Last updated: 20 March 2014
Last week saw the launch of MOO.com’s Android app, which allows users to program custom URLs or vCards onto their NFC-enabled business cards. Together with our own POPwings offering, (which uses your phone to create and share personalized NFC business cards, including contact details, social media profiles and photos) this shows that the market for this technology is maturing and moving closer to mainstream adoption.
No doubt there will be plenty of delegates at this week’s Mobile World Congress using this technology to exchange details with customers, suppliers or partners. As a hotbed of influence and creativity in mobile, this should help NFC business cards spread further, faster.
But, as with any conference in any part of the world in any era, it’s not what takes place at the event which is important, but what comes afterwards. Exchanging a handshake, some pleasantries and a piece of decorative cardboard is all well and good, but it is in the days and weeks after this initial meeting that the relationship is fostered and (hopefully) brought to fruition. It is the connection you’re able to foster with that contact which could be valuable.

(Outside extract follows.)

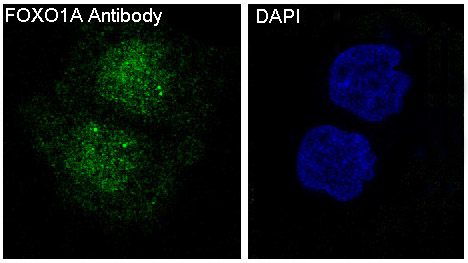 Rabbit anti-FOXO1 Polyclonal Antibody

This is where a digital business card can prove more valuable than a physical one. By giving you instant access to all sorts of information which wouldn’t necessarily fit onto an ordinary card, you can arm yourself with all the details you might need to develop the relationship. Your contact may, for example, link to their Facebook or LinkedIn profile, meaning you can take a look at what they’ve been up to recently or see if you share any acquaintances from previous roles. Or they may list both a home and business location for themselves, allowing you to check out any news relevant to their local area.
It is these little details that could be the difference between a one-off encounter and a long-running working relationship. If so, having your Rolodex in your pocket rather than on your desk will well and truly have paid off.